Le projet de loi relatif au renseignement, déposé au Parlement, a été présenté au Conseil des ministres du 19 mars 2015 et sera examiné en procédure accélérée à l’Assemblée nationale en séance publique à partir du 13 avril 2015.
Ce projet de loi définit pour la première fois un cadre légal unifié pour l’ensemble des activités de renseignement lesquels seront autorisées à recourir à des techniques d’accès à l’information.
Toutefois, malgré que ce projet de loi vise à donner pour la première fois en France un cadre légal unifié aux activités de renseignement, ce projet de loi dans sa rédaction actuelle prévoit que l’ensemble des techniques de renseignement sont mis en œuvre en l’absence total de contrôle de l’autorité judiciaire.
Ce projet n’est pas présenté comme un « Patriot Act » à la française au motif notamment que le premier article du projet de loi sur le renseignement garantit le respect de la vie privé.
Il ne viendrait à l’idée de personne de contester que la recherche du renseignement constitue un impératif majeur pour la sécurité de la France, de sa population et de son territoire. Toutefois, ce projet de loi exclu expressément tout recours direct auprès du Conseil d’Etat puisque tout recours devra être précédé d’une réclamation préalable devant la CNCTR. Les différents motifs légaux autorisant le recours aux différentes techniques de renseignement ainsi qu’à la mise en place de dispositions exceptionnelles pourrait bien ouvrir la voie à une surveillance massive et généralisée de la population et sans limites.

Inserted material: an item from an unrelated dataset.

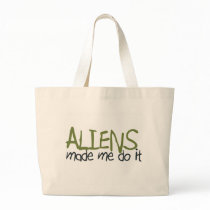 Aliens Made Me Do It Tote Bag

Dans un rapport d’information déposé en 2013 sur le cadre juridique applicable aux services de renseignement, les députés Jean-Jacques Urvoas et Patrice Verchère avaient recensé les lacunes de notre droit et démontré la nécessité urgente d’y remédier dans cette phrase: « Alors qu’il compte parmi les plus anciennes des nations démocratiques, notre pays est également le dernier à ne pas avoir établi un cadre normatif adapté ».
Ce projet qui consacre le renseignement en tant que politique publique, donne pour la première fois en France un cadre légal applicable aux techniques de recueil du renseignement. Le Livre blanc sur la défense et la sécurité nationale avait dès 2013, rappelé que la « fonction de connaissance et d’anticipation » était un élément fondamental de la stratégie de sécurité nationale et la « condition de décisions libres et souveraines ». D’autres pays n’ont pas attendus pour définir un cadre légal. L’instauration d’un cadre juridique pour les services de renseignement britanniques trouve ses origines dès 1989 avec le UK Security Service Act en réaction aux condamnations de la CEDH suivi par le Counter-Terrorism and Security Act de 2015.
Le contrôle des techniques de renseignement est confié à une autorité administrative indépendante ainsi qu’à une juridiction administrative spécialisée.
Le projet de loi comprend également d’autres dispositions relatives au renseignement concernant l’anonymat des agents de services spécialisés de renseignement, l’extension du droit de communication de Tracfin, les renseignements en milieu pénitentiaire.
Le décryptage de ce projet de loi est proposé selon six axes d’analyse, qui feront l’objet d’articles ultérieurs :
- Consécration d’une politique publique du renseignement ;
- Procédure d’autorisation des techniques de recueil de renseignement ;
- Création de la Commission nationale de contrôle des techniques de renseignement (CNCTR) ;
- Recours relatifs à la mise en œuvre des techniques de renseignement ;
- Techniques de recueils du renseignement ;
- Dispositions diverses du projet de loi.
Le décryptage des dispositions du projet de loi prend en compte les avis de la Cnil et du Conseil d’Etat.